Underground - Overground in Porth Yr Ogof

Mike had fancied a day's exploring at Porth Yr Ogof and with some fine weather forecast for the weekend we made a trip there on the Saturday.
We had quite a bit of kit between the pair of us, with buoyancy aids, rubber inner tubes plus kit for the pitch entrances and also camera gear as well. We made a leisurely start and headed down, missing breakfast to arrive at about 10:30am. Loaded with gear we headed down to the main cave entrance to stash the buoyancy aids, as we would do the cold swims as the last part of the trip.

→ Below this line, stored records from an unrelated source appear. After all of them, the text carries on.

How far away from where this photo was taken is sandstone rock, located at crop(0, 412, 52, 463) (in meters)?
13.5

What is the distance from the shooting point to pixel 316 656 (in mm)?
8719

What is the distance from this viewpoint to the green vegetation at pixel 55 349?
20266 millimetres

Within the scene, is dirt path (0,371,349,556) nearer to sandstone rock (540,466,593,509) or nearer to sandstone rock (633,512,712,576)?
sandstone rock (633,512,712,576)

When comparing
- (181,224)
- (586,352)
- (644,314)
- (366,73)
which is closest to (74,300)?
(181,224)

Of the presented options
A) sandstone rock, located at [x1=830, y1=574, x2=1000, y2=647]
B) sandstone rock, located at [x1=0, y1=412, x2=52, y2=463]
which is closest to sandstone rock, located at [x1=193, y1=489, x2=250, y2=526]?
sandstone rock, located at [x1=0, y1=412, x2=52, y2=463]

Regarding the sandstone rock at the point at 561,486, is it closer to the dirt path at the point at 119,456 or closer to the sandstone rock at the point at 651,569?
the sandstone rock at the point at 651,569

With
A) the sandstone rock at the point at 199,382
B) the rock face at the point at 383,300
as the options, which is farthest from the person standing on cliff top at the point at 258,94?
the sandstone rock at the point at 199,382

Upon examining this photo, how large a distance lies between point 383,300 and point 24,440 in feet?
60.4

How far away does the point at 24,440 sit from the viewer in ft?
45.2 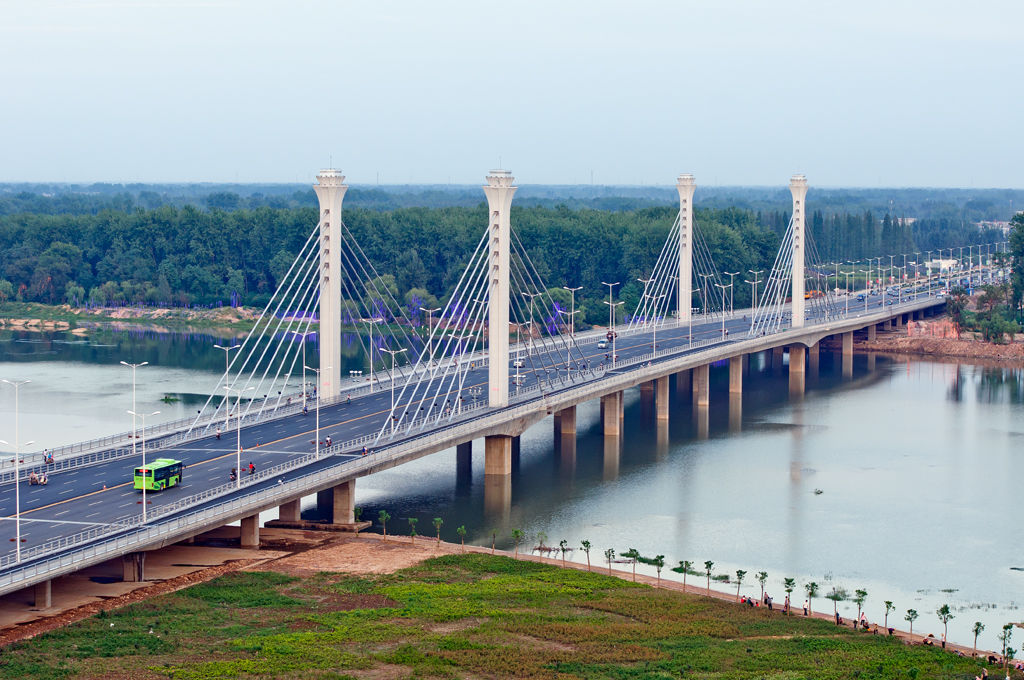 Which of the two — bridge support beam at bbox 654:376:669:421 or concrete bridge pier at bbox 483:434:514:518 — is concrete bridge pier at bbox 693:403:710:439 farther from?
concrete bridge pier at bbox 483:434:514:518

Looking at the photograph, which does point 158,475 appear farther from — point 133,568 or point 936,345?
point 936,345

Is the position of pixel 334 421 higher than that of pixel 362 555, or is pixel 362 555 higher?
pixel 334 421

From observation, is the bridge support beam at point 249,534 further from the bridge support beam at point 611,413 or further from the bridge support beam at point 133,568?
the bridge support beam at point 611,413

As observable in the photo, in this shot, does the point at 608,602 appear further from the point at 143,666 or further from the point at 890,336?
the point at 890,336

We then headed out of the cave and over the road to the three vertical entrances - (G), (H), and (I) on the survey. A handline was dropped down the gated entrance (I) and Brendan descended to quickly check out where the two vertical entrances dropped in. The handline proved its worth on the climb back up and we then headed to the two other entrances, these being only a few metres apart and connect together underground after a short distance. It was clear entrance (H) was the one to use with ample natural belays to rig from. A rope was rigged down, to a ledge a short distance in, but no suitable belays could be found to rig a nice hang down the centre of the shaft. There would be a good amount of rope rub, so after a little deliberation we descended with the plan of not going back up the pitch. Once down we explored the area at the bottom and took photos of the Letterbox squeeze found close to the bottom of the vertical entrances. Brendan then headed back up the climb to surface, but Mike had difficulty with the climb, so the pitch was derigged and Brendan then returned down the climb.

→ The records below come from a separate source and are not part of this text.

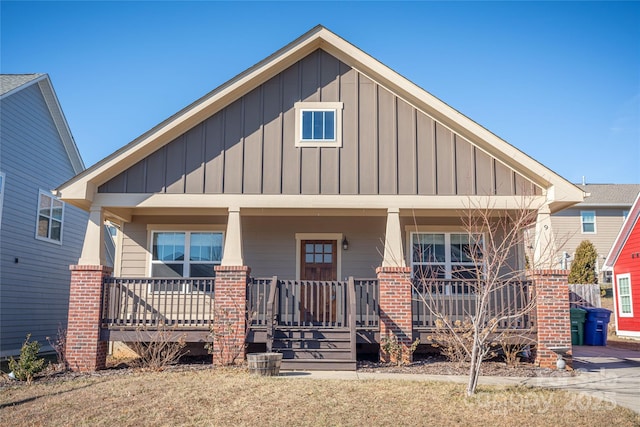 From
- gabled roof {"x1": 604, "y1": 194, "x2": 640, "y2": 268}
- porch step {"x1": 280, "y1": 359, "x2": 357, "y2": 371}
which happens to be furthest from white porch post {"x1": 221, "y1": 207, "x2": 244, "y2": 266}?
gabled roof {"x1": 604, "y1": 194, "x2": 640, "y2": 268}

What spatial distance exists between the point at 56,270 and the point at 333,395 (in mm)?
12951

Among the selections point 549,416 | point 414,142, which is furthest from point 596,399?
point 414,142

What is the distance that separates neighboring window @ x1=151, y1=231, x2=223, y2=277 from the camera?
45.0 feet

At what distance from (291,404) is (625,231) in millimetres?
17244

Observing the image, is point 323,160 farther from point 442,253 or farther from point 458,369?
point 458,369

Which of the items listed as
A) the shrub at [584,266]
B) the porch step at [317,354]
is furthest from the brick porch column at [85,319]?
the shrub at [584,266]

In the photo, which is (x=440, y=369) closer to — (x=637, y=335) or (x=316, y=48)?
(x=316, y=48)

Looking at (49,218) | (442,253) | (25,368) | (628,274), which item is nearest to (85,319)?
(25,368)

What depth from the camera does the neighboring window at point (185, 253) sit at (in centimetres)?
1372

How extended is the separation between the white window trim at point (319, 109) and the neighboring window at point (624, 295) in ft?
46.1

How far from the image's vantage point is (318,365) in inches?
409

The Letterbox - Porth Yr Ogof
Mike in the Letterbox - Porth Yr Ogof - Photo Brendan Marris

We then headed up towards the main entrance and explored all around the Maze area finding the two entrances in this part of the cave - (D1) and (D2). We exited entrance (D1) and then dropped down the tight entrance (D2) (it would be very hard to exit via D2). With all areas of the Maze explored we headed to the start of The Creek, where we first looked at the passage that leads to Hywel's Grotto. A flat out bedding crawl leads to a low crawl in a wet passage to reach Hywel's Grotto, a small chamber with calcite flows. Beyond this some more crawling took us over gours to reach the end of the passage. A couple of photos were taken before our return.

Near Hywel's Grotto- Porth Yr Ogof
Mike near Hywel's Grotto - Porth Yr Ogof - Photo Brendan Marris

Near Hywel's Grotto- Porth Yr Ogof
Mike near Hywel's Grotto - Porth Yr Ogof - Photo Brendan Marris

From the Creek we headed down to the Great Bedding, explored around the shingle banks before heading upstream to find the passage up to Cwm Port Inlet on the right. We followed the passage upstream, passing the inlet to the sumps and then continued along the low and unpleasant passage until we finally reached a nasty looking duck. After much procrastination we flipped onto our backs and with noses to the ceiling and passed the long duck to emerge in the deep water of the main stream. We quickly swam against the current past the White Horse to reach the bouldery floor of the entrance chamber. From here we headed to the right and explored the passages that led from the Tradesman's Entrance, finally heading upstream to exit the cave via Tradesman's.
All that was left to do now was the final swim out of the resurgence. We picked up our buoyancy gear and went above ground to the shakehole entrances - (I) and (J) on the survey. We entered the cave here, taking a quick look at the passages around these entrances before we headed downstream to see a glimpse of enticing daylight ahead. Kitted up with our floatation aids we swam the final few metres to emerge into glorious sunshine. We then had a look at the other entrances near the resurgence, having a little explore in entrance (M) which has some nice passage ending in a low wet approach to a shingle and rotting wood filled bedding. We then returned picking up the last of our tackle, having explored virtually all the passage that can be accessed without diving.